Why should API be First

This is a good questions. Why should I worry about API First? Why should it be a first class citizen in our architecture.  The reason is simple: You need to be able to respond to change quickly and rapidly develop new solutions to fix your problems.  With the other "first" approaches the process is very long because you are always creating custom stuff or having to weave together the APIs at the point of integration and the lack of consistency and versioning can lead to chaos.

We have all been on projects where the solution architecture was created and then someone said oh you need to provide blah data to this other system and oh there is another system that needs this other data often happening later in the project when resources are tight and you have to piece together an API quickly to solve the issue. In the worst case you may even have different people work on different parts of the API. Then when it comes time to work with these other applications that need your data, they look at your API and scratch their head. When do I need to pass the API an auth token and when is it an API Key and when do I pass a json and when do I pass a series of string parameters? Even stranger is when you have one API that is REST and returning XML and the other is JSON based.  I have seen that from the same vendor for the same application. It is scary.

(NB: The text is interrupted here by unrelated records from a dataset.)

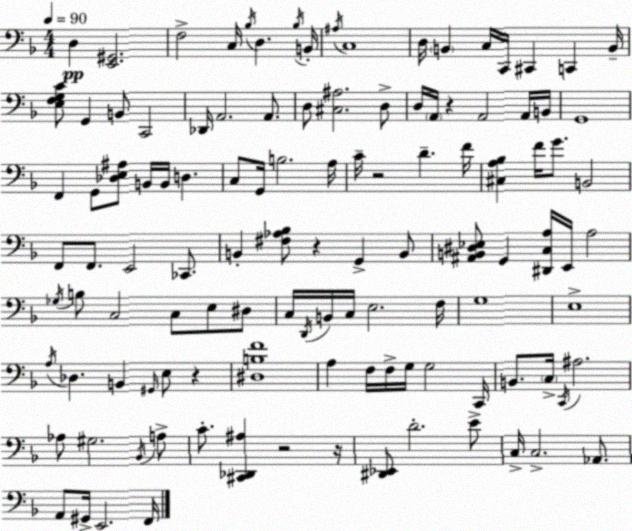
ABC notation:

X:1
T:Untitled
M:4/4
L:1/4
K:Dm
D, [E,,^G,,]2 F,2 C,/4 _B,/4 D, _B,/4 B,,/4 ^A,/4 C,4 D,/4 B,, C,/4 C,,/4 ^C,, C,, B,,/4 [E,F,G,C]/2 G,, B,,/2 C,,2 _D,,/4 A,,2 A,,/2 D,/2 [^C,^A,]2 D,/2 D,/4 A,,/4 z A,,2 A,,/4 B,,/4 G,,4 F,, G,,/2 [_D,E,^A,]/2 B,,/4 B,,/4 D, C,/2 G,,/4 B,2 A,/4 C/4 z2 D F/4 [^C,A,_B,] F/4 G/2 B,,2 F,,/2 F,,/2 E,,2 _C,,/2 B,, [^F,_A,_B,]/2 z G,, B,,/2 [^A,,B,,^D,_E,]/2 G,, [^D,,C,A,]/4 E,,/4 A,2 _G,/4 B,/2 C,2 C,/2 E,/2 ^D,/2 C,/4 D,,/4 B,,/4 C,/4 E,2 F,/4 G,4 E,4 A,/4 _D, B,, ^G,,/4 E,/2 z [^D,B,F]4 A, F,/4 F,/4 G,/4 G,2 C,,/4 B,,/2 C,/4 C,,/4 ^A,2 _A,/2 ^G,2 _B,,/4 A,/2 C/2 [^C,,_D,,^A,] z2 z/4 [^D,,_E,,]/2 D2 E/2 C,/4 C,2 _A,,/2 A,,/2 ^G,,/4 E,,2 F,,/4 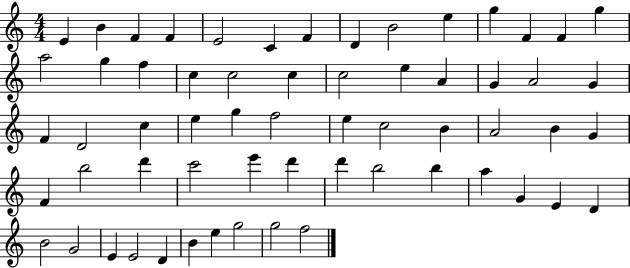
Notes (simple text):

E4/q B4/q F4/q F4/q E4/h C4/q F4/q D4/q B4/h E5/q G5/q F4/q F4/q G5/q A5/h G5/q F5/q C5/q C5/h C5/q C5/h E5/q A4/q G4/q A4/h G4/q F4/q D4/h C5/q E5/q G5/q F5/h E5/q C5/h B4/q A4/h B4/q G4/q F4/q B5/h D6/q C6/h E6/q D6/q D6/q B5/h B5/q A5/q G4/q E4/q D4/q B4/h G4/h E4/q E4/h D4/q B4/q E5/q G5/h G5/h F5/h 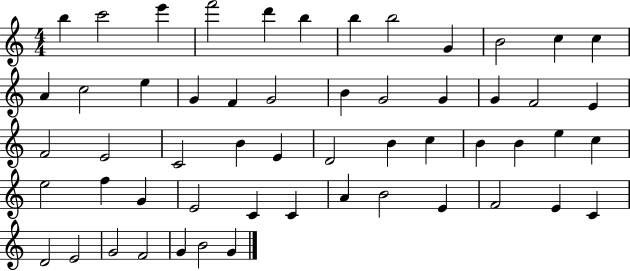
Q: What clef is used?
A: treble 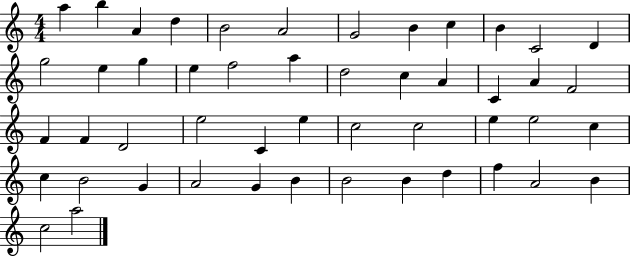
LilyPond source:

{
  \clef treble
  \numericTimeSignature
  \time 4/4
  \key c \major
  a''4 b''4 a'4 d''4 | b'2 a'2 | g'2 b'4 c''4 | b'4 c'2 d'4 | \break g''2 e''4 g''4 | e''4 f''2 a''4 | d''2 c''4 a'4 | c'4 a'4 f'2 | \break f'4 f'4 d'2 | e''2 c'4 e''4 | c''2 c''2 | e''4 e''2 c''4 | \break c''4 b'2 g'4 | a'2 g'4 b'4 | b'2 b'4 d''4 | f''4 a'2 b'4 | \break c''2 a''2 | \bar "|."
} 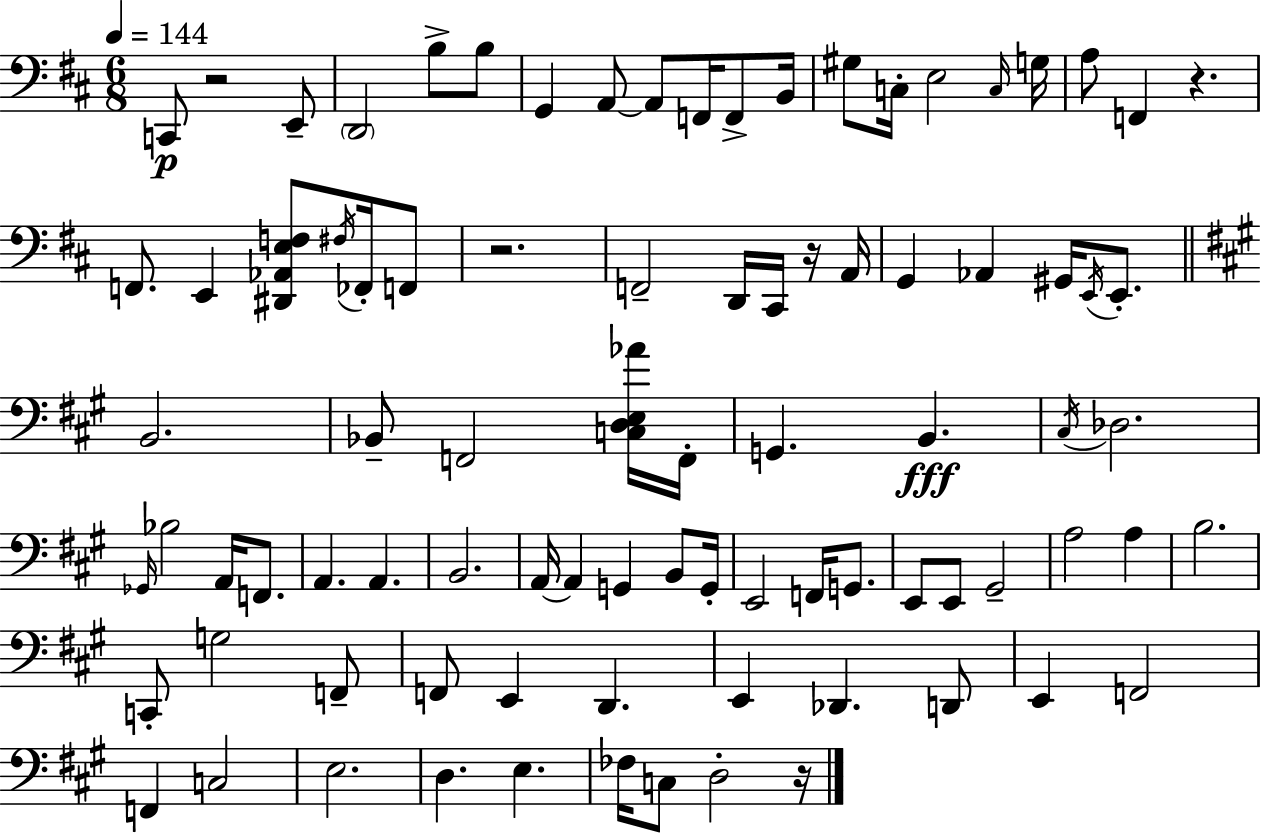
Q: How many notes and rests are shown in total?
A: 87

For this reason, sitting down and designing a basic API framework from the start is important. Even if the API initially returns a small amount of data or maybe nothing at all, the basic mechanisms of authentication, how data is passed to the API, how it is returned, how the API is versioned is worked out. Then as you build out the API you add new interfaces or version interfaces that change still supporting the older ones.  This makes people integrating with you very happy.

Now back to the initial reason: "You need to be able to respond to change quickly and rapidly develop new solutions."  By making your API a first class citizen and documenting it well it means that someone building a new solution can quickly look at your documentation and determine which APIs they need to use and once they have used one API they will know how to work with others because of the consistent design.  If they need new functionality, you can extend the API for them without affecting other solutions.

Now this only happens with proper API design. In the next few articles we will describe some of the best practices that will help you do this.